I think I'll leave it the way it is.

OK. I will try to follow your analysis and see where it goes wrong.

The force being constant produces a constant translational acceleration a = F/M and a constant rotational acceleration α. = L / I where L (torque) =F⋅R and I is the moment of inertia. The work required to do this has two parts one rotating it and one moving the center of mass horizontally. The force is applied for a distance of its length x causing the sphere to rotate θ radians where X=R⋅θ.

You appear to be assuming that although there is rolling without slipping that the frictional force of the sphere on the platform imparts no momentum, provides no torque and does no work. That is, that the frictional force turns out to be zero.

I disagree with this, but will accept it for the purposes of argument.

Let us go ahead and apply the force $F$. The claim is that the resulting acceleration is $a = F/M$.

We can go ahead and apply the torque as well. The claim is that the resulting angular acceleration $\alpha = \frac{L}{I} = \frac{F \cdot R}{I}$. The moment of inertia of a sphere is $\frac{2}{5}MR^2$. So we end up with $\alpha = \frac{5F}{2MR}$. If we multiply by $R$ to convert this angular acceleration rate to a rate of horizontal acceleration, we get $a = \frac{5}{2}F/M$.
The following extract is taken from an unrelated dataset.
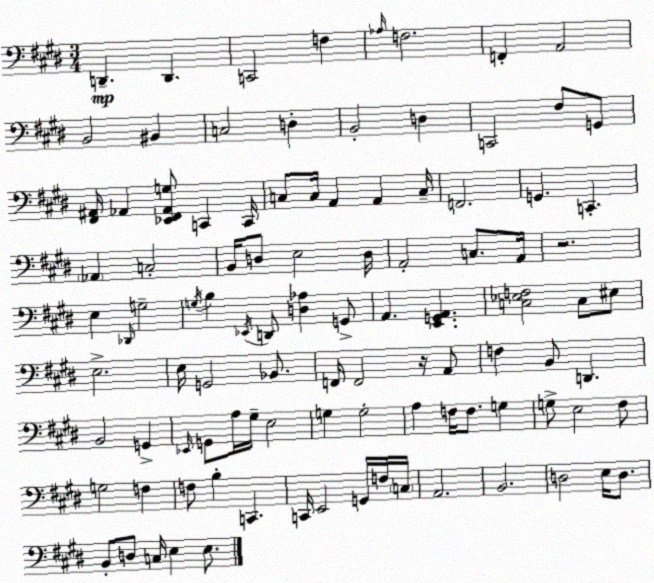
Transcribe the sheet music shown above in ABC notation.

The angular acceleration is 2.5 times too fast. We would not actually maintain rolling without slipping under these conditions.

Non-zero friction with the platform has to provide enough retarding torque and advancing horizontal force so that the rotational acceleration and the horizontal acceleration match.

 

[A.T.]

The sphere moves without slipping horizontally on a flat surface as shown below.

Note that the OP doesn't specify this. And as @jbriggs444 points out, you cannot assume zero friction for accelerated rolling without slipping in general.